[WORK REQUIRED] Using the material that follows, output exactly the lines from the one containing "I Love You Babe License Plate" through the one containing "Multicolor onyx Stone", with both ends kept.

[DATA FOR ANALYSIS]
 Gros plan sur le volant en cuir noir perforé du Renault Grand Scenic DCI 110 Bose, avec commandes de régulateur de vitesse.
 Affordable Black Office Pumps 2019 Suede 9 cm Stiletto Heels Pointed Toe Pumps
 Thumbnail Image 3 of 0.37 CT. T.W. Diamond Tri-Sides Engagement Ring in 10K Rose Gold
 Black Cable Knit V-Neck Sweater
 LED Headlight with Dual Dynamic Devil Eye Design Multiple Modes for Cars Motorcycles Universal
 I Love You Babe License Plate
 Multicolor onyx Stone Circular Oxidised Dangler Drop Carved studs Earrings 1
--
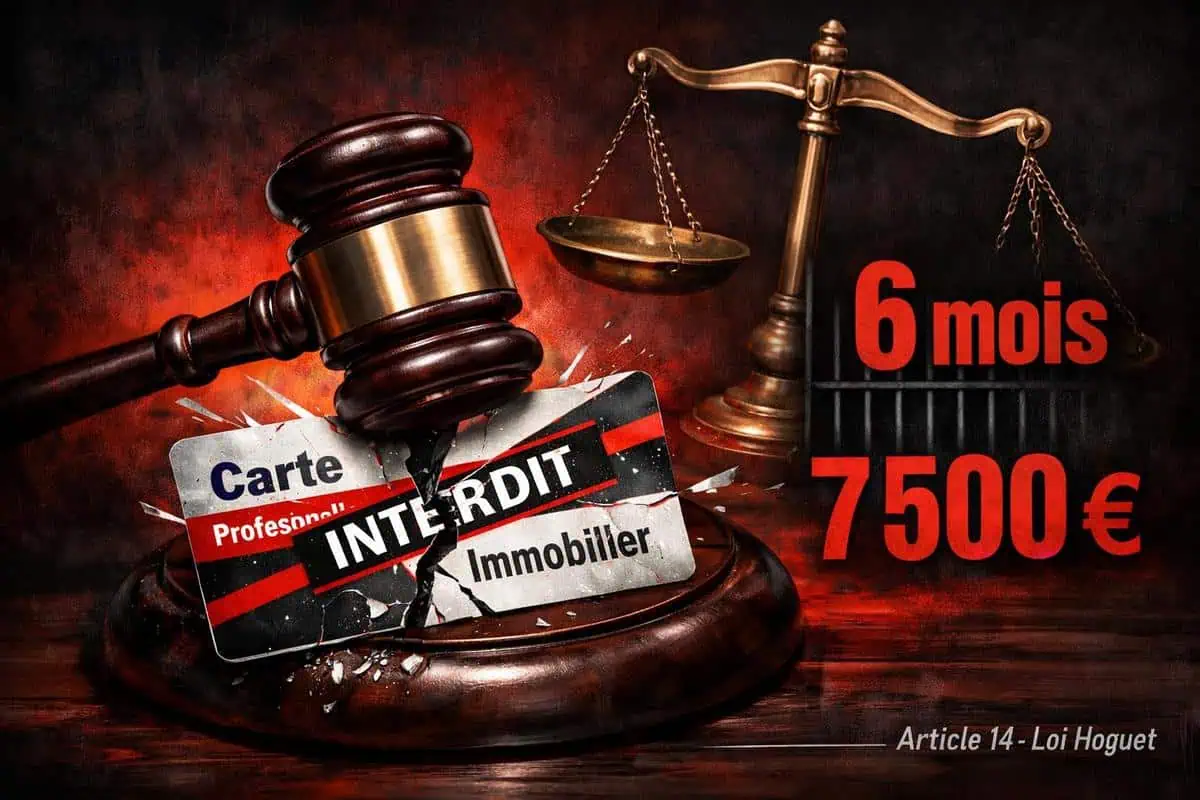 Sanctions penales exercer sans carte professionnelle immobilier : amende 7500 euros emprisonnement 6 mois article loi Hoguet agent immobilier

[TASK SOLUTION]
 I Love You Babe License Plate
 Multicolor onyx Stone Circular Oxidised Dangler Drop Carved studs Earrings 1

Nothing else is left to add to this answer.